Hamilton, James M. Jr. Revelation: The Spirit Speaks to the Churches. Preaching the Word. Wheaton, Ill.: Crossway, 2012. 457 pp. $34.99.
The apostle Paul once wrote to young Timothy, “All Scripture is breathed out by God and profitable for teaching, for reproof, for correction, and for training in righteousness” (2 Tim 3:16). While we may nod our heads in agreement with this verse, many in ministry have abandoned preaching of the book of Revelation to those more inclined to controversy. Just the notion of preaching through the book of Revelation tends to bring to mind the wild-eyed preacher pronouncing judgment and warning his hearers of the danger of the mark of the Beast.

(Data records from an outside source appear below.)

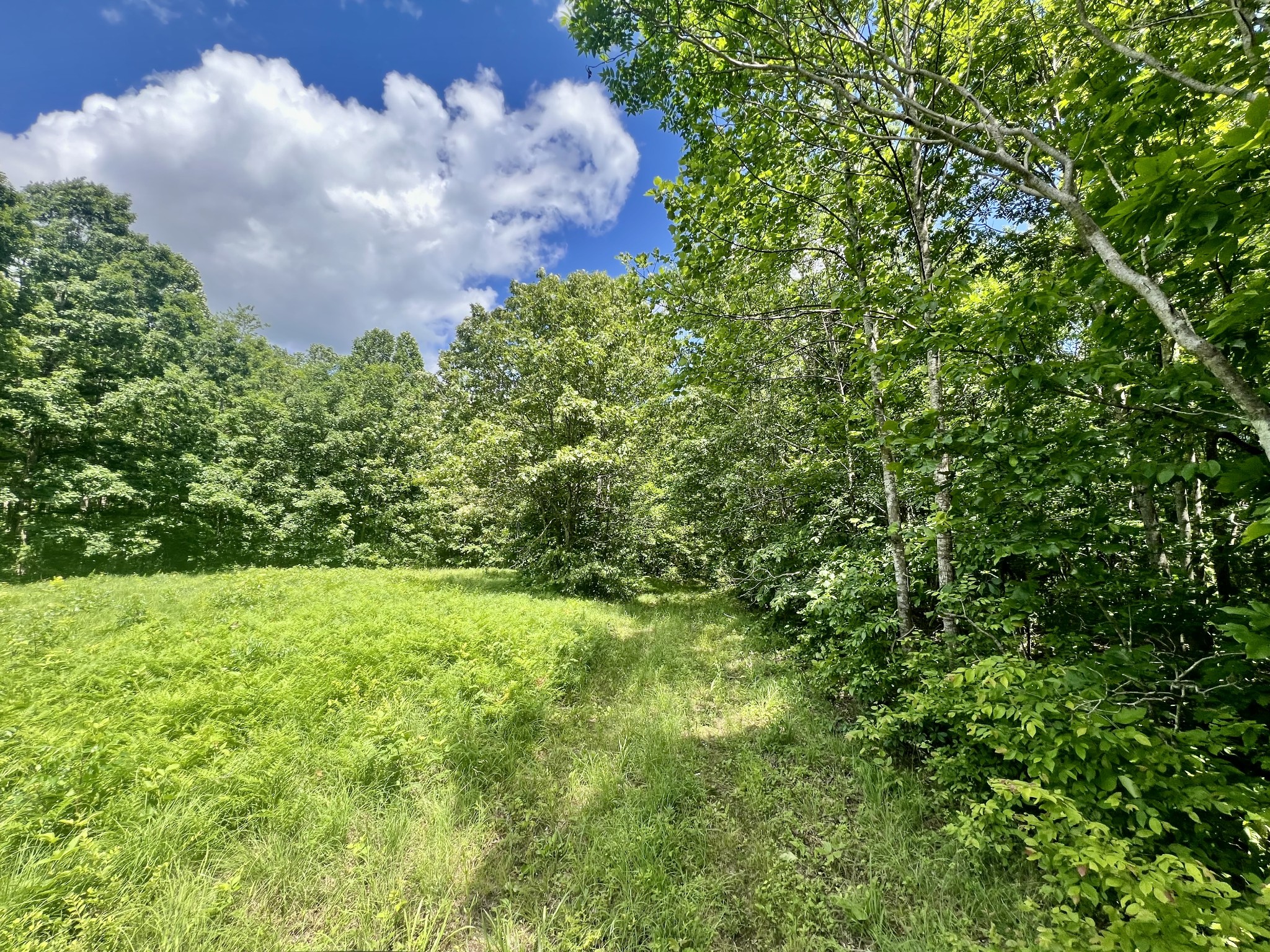 0 Powdermill Branch Rd Property Photo 14
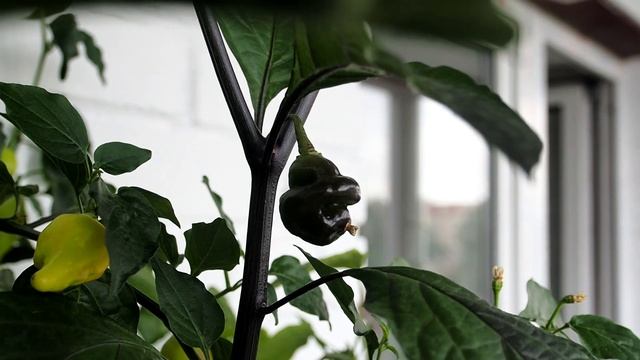 Мало слов, много перцев! Много перцев, много. смотреть онлайн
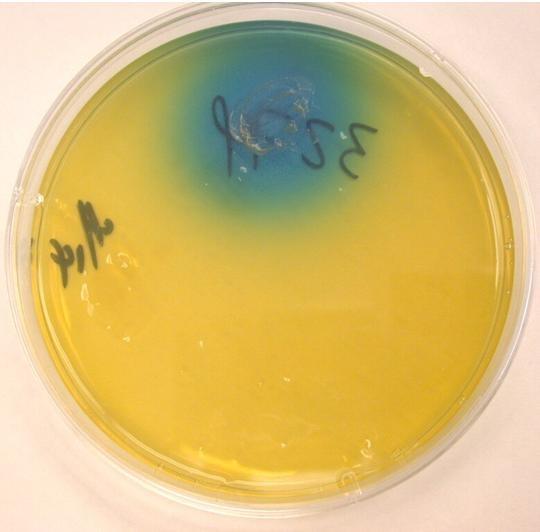 blue (CGB) agar (C.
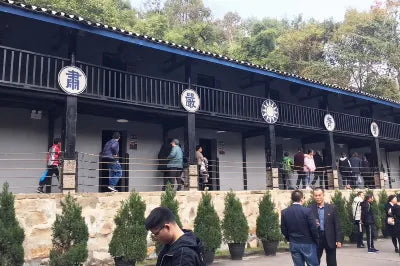 Chongqing 1-Day Tour Yangtze River Cableway Light Rail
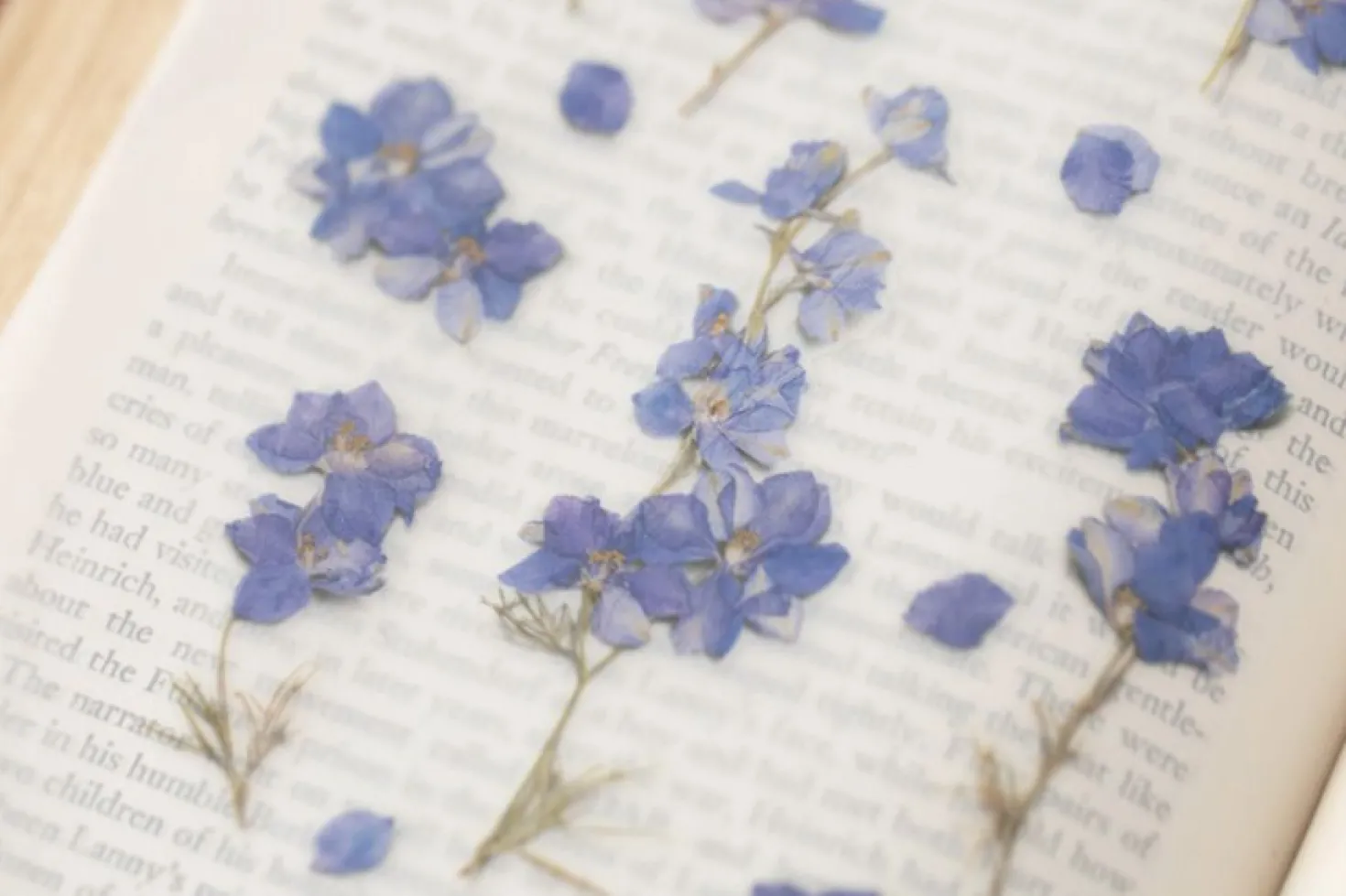 Larkspur Pressed Flower Sticker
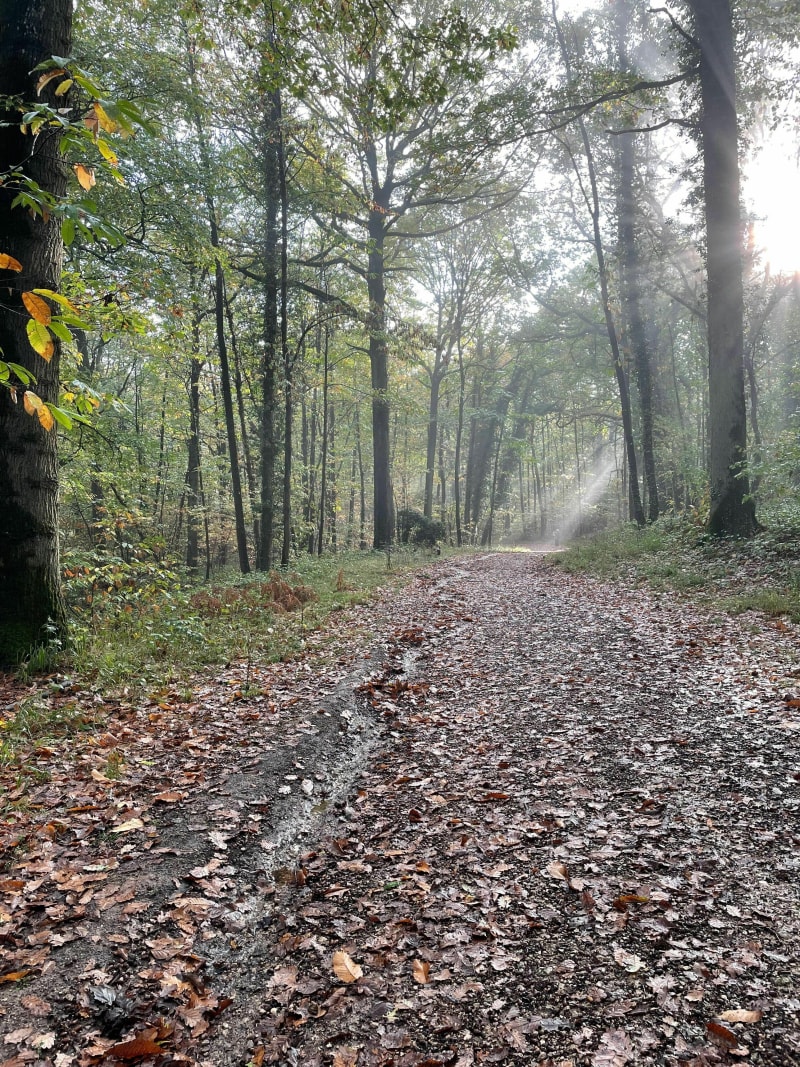 De Courcelles et vallée de Gif au Paradou - Gif-sur-Yvette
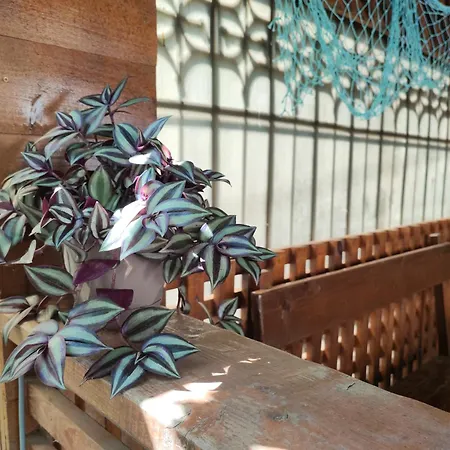 Casa Emelis * Eforie Nord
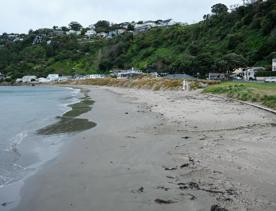 Worser Bay is a scenic inner-harbour beach popular with swimmers, dog walkers, and bridal couples. The large, sandy beach on the eastern side of Miramar Peninsula offers views of the Ororongorongo Range across the harbour, Steeple Rock, and Seatoun Beach.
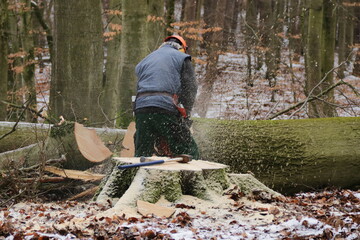 Holzfäller beim Arbeiten mit der Kettensäge im Wald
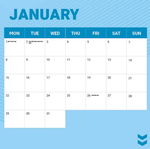 2024 NRL Cronulla Sharks Calendar alternate 2
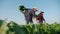 agriculture. a group of farmers work with boxes harvest beets in green field. business agriculture agribusiness concept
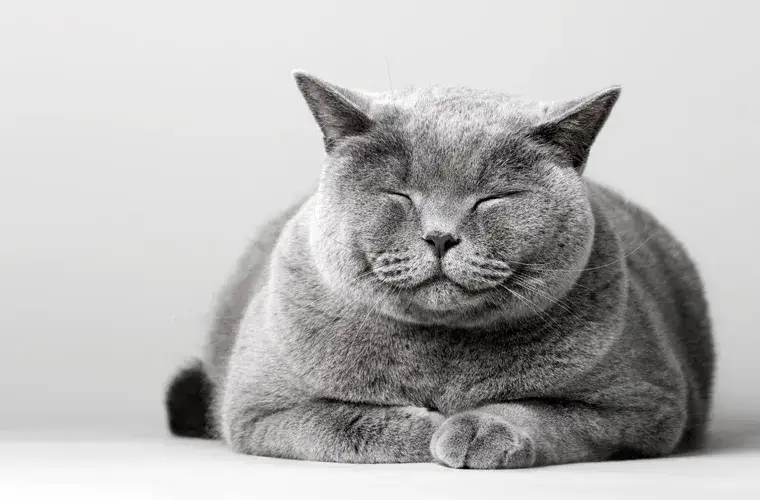 Koci wiek kalkulator - Oblicz ile to wiek dla twojego kota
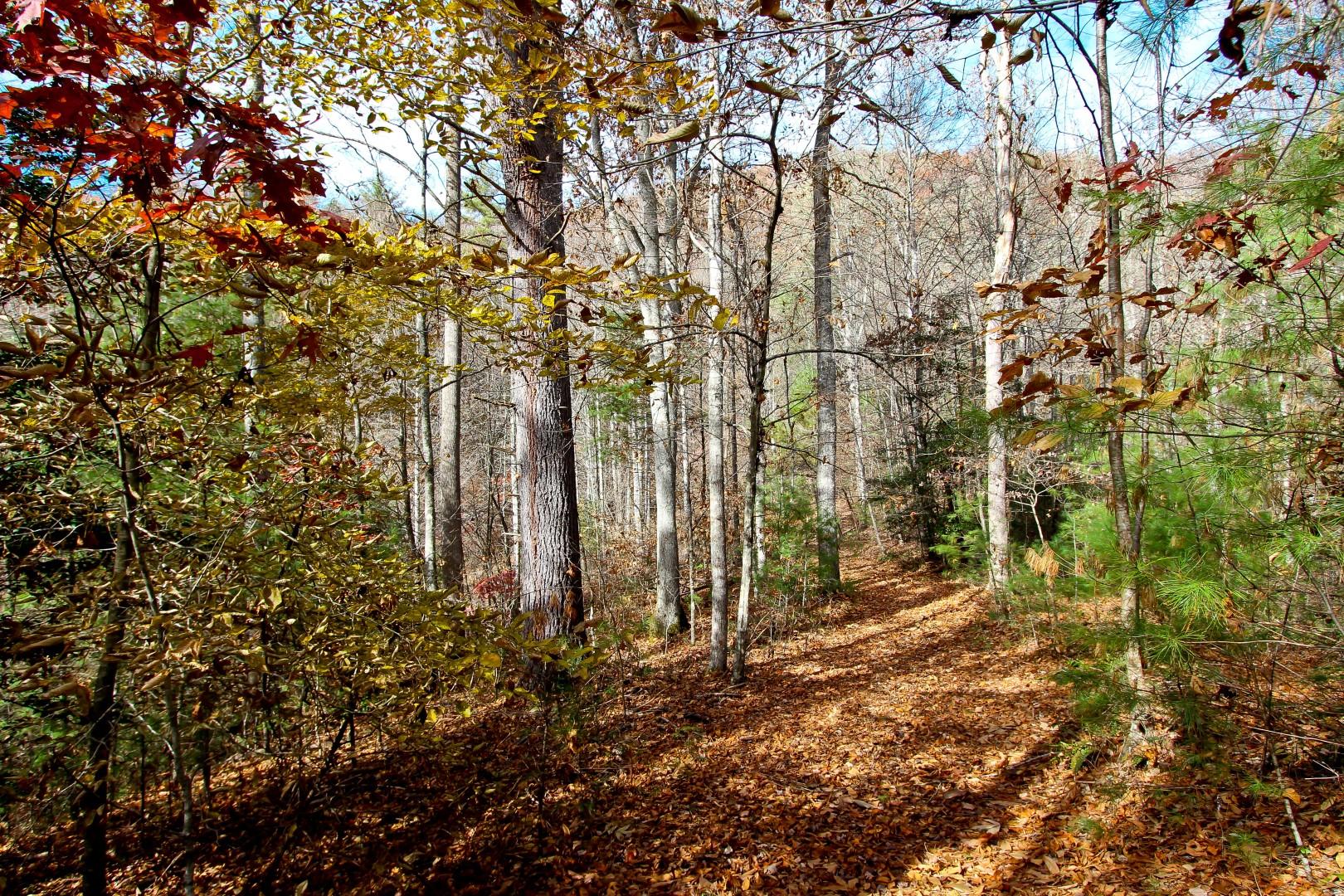 27.37-acre 27.37-acre Laurel Fork Road Del Rio, TN 37727 - Photo 2 of 25 IMG_3953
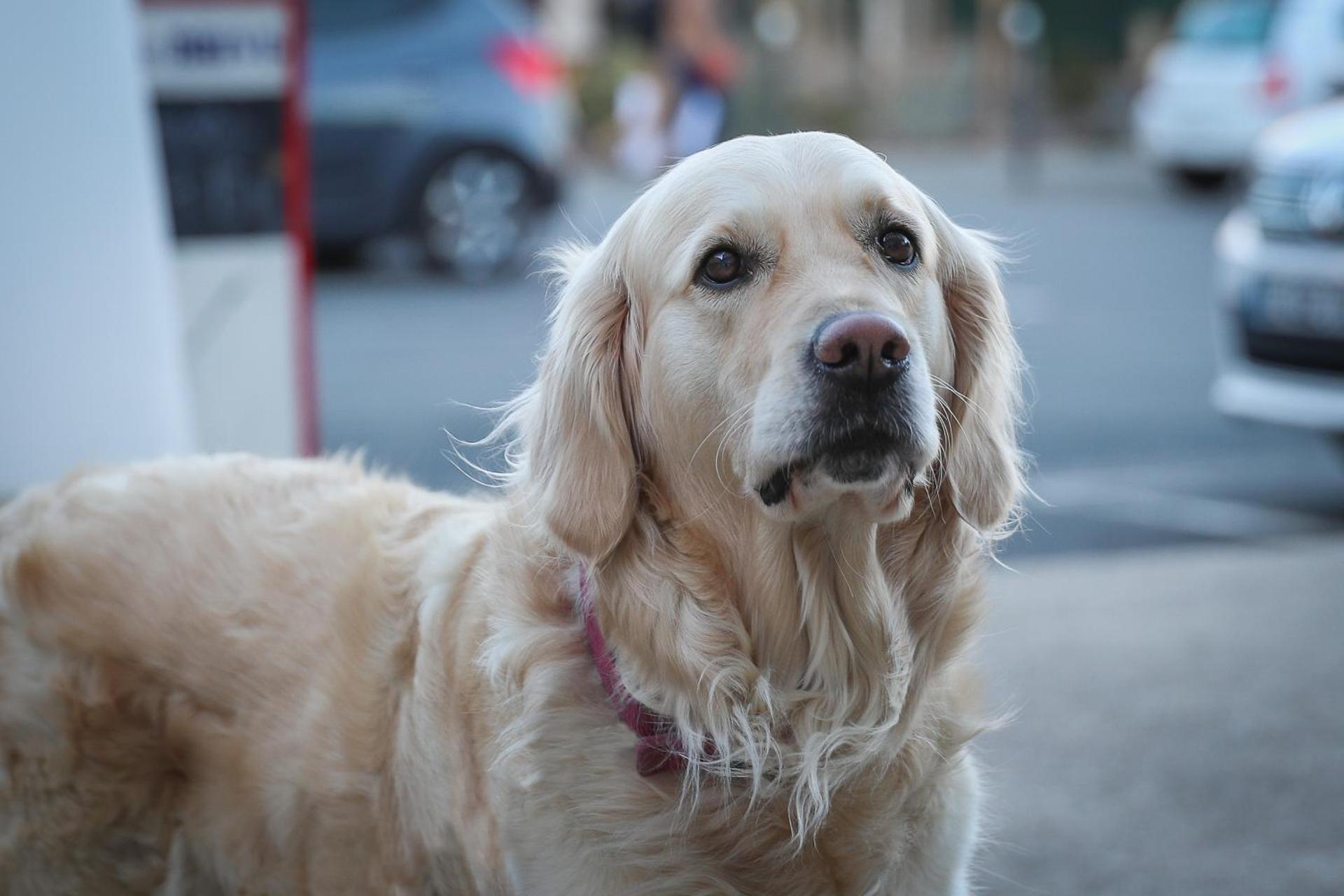 Hôtel La Réserve de Brive - Photo 60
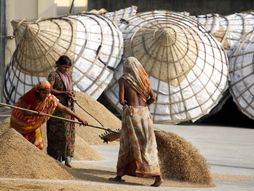 Bangladeš, pirinač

In Revelation: The Spirit Speaks to the Churches, James Hamilton (Associate Professor of Biblical Theology at Southern Seminary) presents a compelling alternative by modeling for the reader an expositional sermon series through the book of Revelation. Rather than striving to identify the Anti-Christ (or the Beast, False Prophet, or Great Harlot) in modern society – a practice that is all too common and equally unhelpful – Hamilton pores through the text, seeking to reveal God’s primary message to the churches to whom it was first penned.
“God wants us to know the glory of his mercy and his justice, and that is what we see in Revelation: history culminates in climactic demonstrations of the glory of God in salvation through judgment” (18).
Revelation, then, is not about the Anti-Christ, the Beast, the False Prophet, or the Great Harlot. Neither is it primarily about the Two Witnesses, the Sealed 144,000, the Seven Seals, Seven Bowls, or Seven Trumpets. The Four Horsemen and the number 666 all play minor, bit-roles in the Apocalypse. Revelation is focused on presenting the mercy and justice of God as He brings to a head all of the wrongs of the world and pours out his righteous judgment upon them all. His enemies shall be judged, and his redeemed shall be vindicated. Revelation is about the glory and majesty of Christ.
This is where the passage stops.